> EXERCISE INPUTS
........
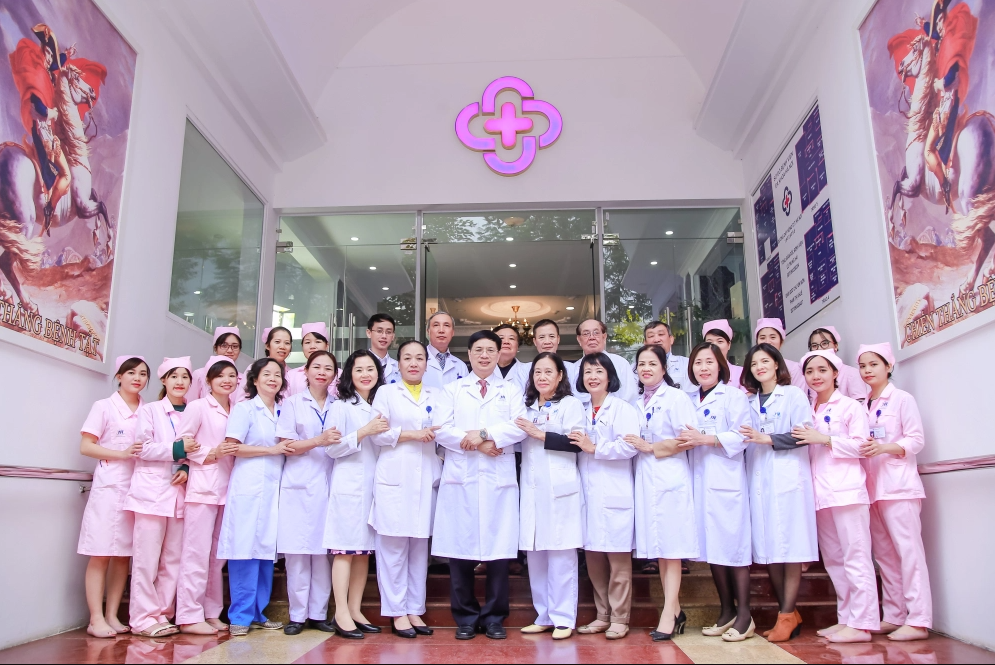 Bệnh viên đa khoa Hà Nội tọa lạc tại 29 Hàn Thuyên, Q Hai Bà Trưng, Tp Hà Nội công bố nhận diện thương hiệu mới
........
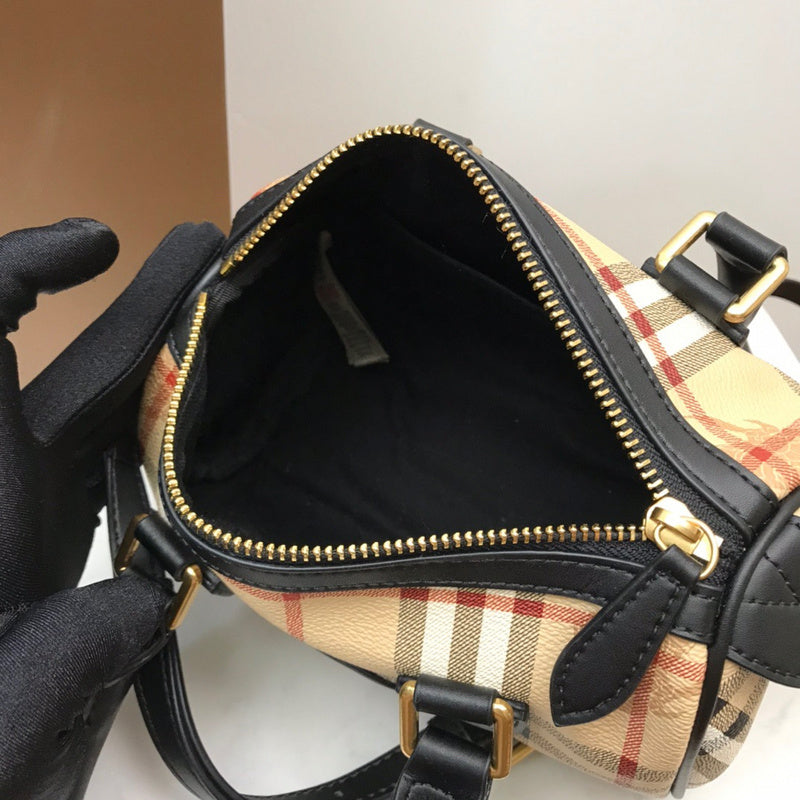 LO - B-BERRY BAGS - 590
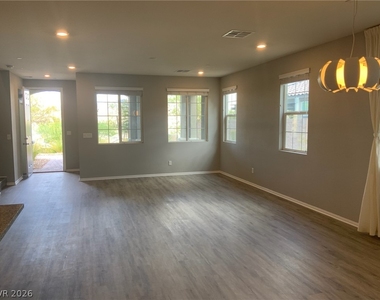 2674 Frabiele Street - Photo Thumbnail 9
........
> TASK GOAL
Taking the entries above, extract every line from the one bearing "LO - B-BERRY BAGS - 590" through the one bearing "2674 Frabiele Street - Photo Thumbnail 9", exactly, with no pictures.

> SOLUTION TO THE PROBLEM
 LO - B-BERRY BAGS - 590
 2674 Frabiele Street - Photo Thumbnail 9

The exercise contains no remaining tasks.